2009/9/10 Benny Malengier <email@example.com>
2009/9/10 Frederico Muñoz <firstname.lastname@example.org>:
As GEDCOM has no provision for it, there is no way it can be included
> I'll leave the implementation details to the developers. In general
> terms the proposal to add a "general" field to enter the surnames is
> something that I find sensible, with the following requirements:
> - GEDCOM export should be straightforward. The flattening of the
> surnames should have very clear and simple rules
> - The data entry dialog should be easy to use
> Additionally I'm unsure how GEDCOM import would work out.
and made to work.
What GEDCOM has support for is multiple surnames. They are separated by commas in the value of the SURN tag. No such provision is there for the NAME tag, so leaving the commas there is arguably not permitted by GEDCOM.
So, no matter how it is arranged in fields in GRAMPS, export to GEDCOM should use commas in SURN and expect them on import. GRAMPS may optionally support other things, but that is what GEDCOM requires.
There is no reason to do GRAMPS --> GEDCOM --> GRAMPS
This was the only way to copy a set of people (defined with a filter) from one GRAMPS database to another, since XML export did not use filters. Does it now? I have myself done that gazillions of times.
So adding new fields to GEDCOM only GRAMPS knows adds no value.
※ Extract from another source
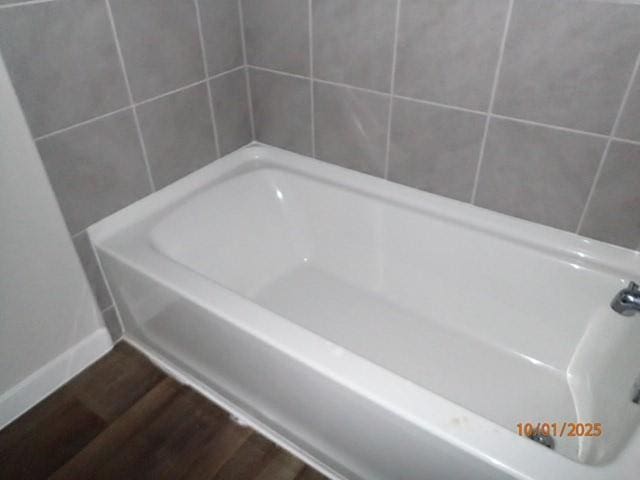 bathroom featuring a washtub and wood-type flooring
Time
is better spend cleaning up import of GEDCOM which would just keep the
names as stored, and add new ones present in the GEDCOM.
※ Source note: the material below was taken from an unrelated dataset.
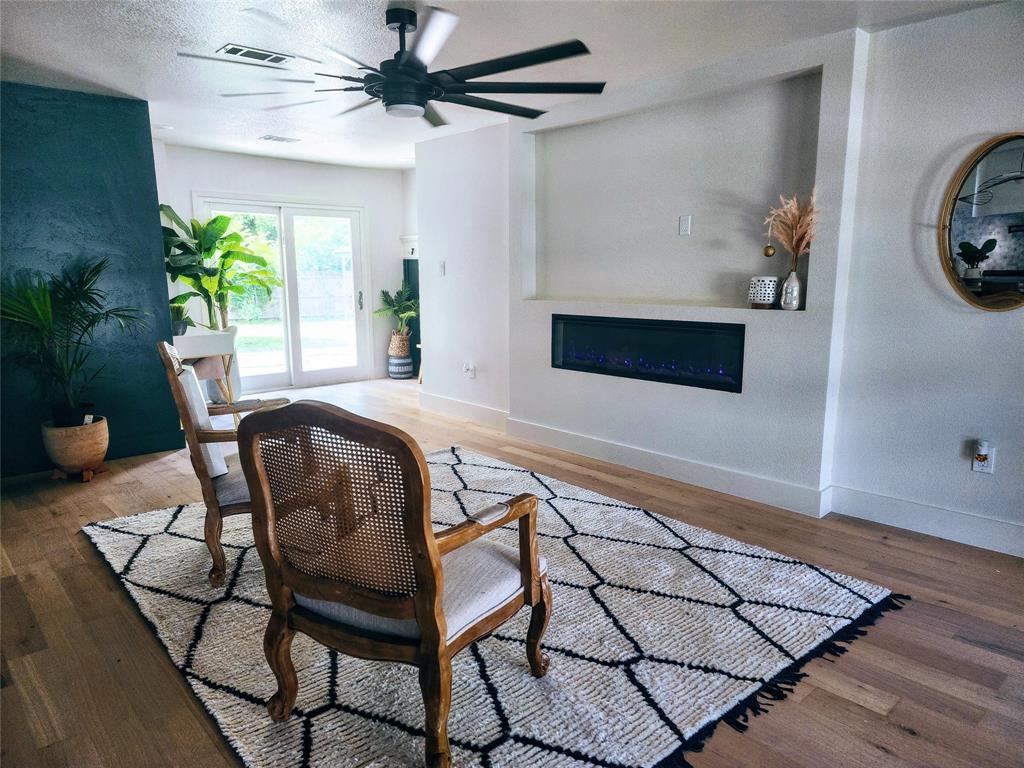 2908 Washington Street Commerce, TX 75428 - Photo 12 of 29 Spacious living area featuring wood-finish flooring, a built-in electric fireplace, sliding glass doors to the exterior, and a contemporary ceiling fan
As a consequence, the way to support it, is to import names as now
from GEDCOM (with addition for support of nickname that is present in
GEDCOM) and offer a plugin tool 'Cleanup names' that can batch process
names so as to split up surnames.
That tool should eg allow for:
* split multiple surnames as <secondary surname> <primary surname>
* split multiple surnames as <primary surname> <secondary surname>
It may help in some cases. But it is in general undecidable. Each surname may contain multiple words and even humans can't get it right everytime without context. Humans should be able to express the correct way to parse names.
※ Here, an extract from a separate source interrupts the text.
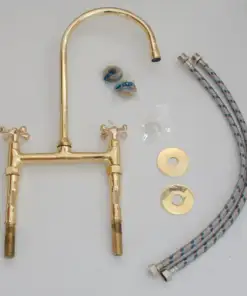 Vintage patina brass bridge kitchen faucet with curved legs and cross handles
An example, in a name like "García Álvarez de Toledo y Carrillo de Toledo":
- How should it be parsed? How many surnames are in it? Well, García is a given name that is now seen only as a surname, but things were different in the past. It seems that "Carrillo de Toledo" would be a second surname, but there are other problems.
- Is "Álvarez" a real patronymic? This means García is the child of some Álvaro (possibly "de Toledo", but no guarantee). His children will probably use the "Garcés" (or even "García") as patronymic and, possibly, "de Toledo" as surname. This scheme was valid until ca. 1200. In this case, Álvarez should go into the patronymic field or, as is common, as part of the given names. "de" would go into the surname prefix field.
- Is "Álvarez" a false patronymic? In this case, his father was not Álvaro, but he got his name (given plus patronymic) from some ancestor or relative of notice named "García Álvarez" (not necessarily "de Toledo"). In this case, the best coding is probably the same as for real patronymics except that context does not help a lot. This is after ca. 1200.
- Is it a non fixed part of the surname? It is a dark period where patronymics start being inherited but they have not solidified. In this case, García's father was "Álvarez de Toledo" but some of Garc'ia's siblings would be just "de Toledo", as would some of his children. Some of them might even have a different patronymic. In this case, IMHO, I think it is best to put all of "Álvarez de" as surname prefix. Otherwise it would sort García under "A" and only an amateur would want that.
- Is it a solidified part of the surname? In this case "Álvarez de Toledo" is uniformly inherited as a block and exceptions are rare. All of it should go into the surname (and sort under "A").
This is not a made-up name, artificially obfuscated. It is the name of a real person, namely, the first Duke of Alva. Unskilled humans are bad at parsing many of these names, so you get to hear a lot of silliness.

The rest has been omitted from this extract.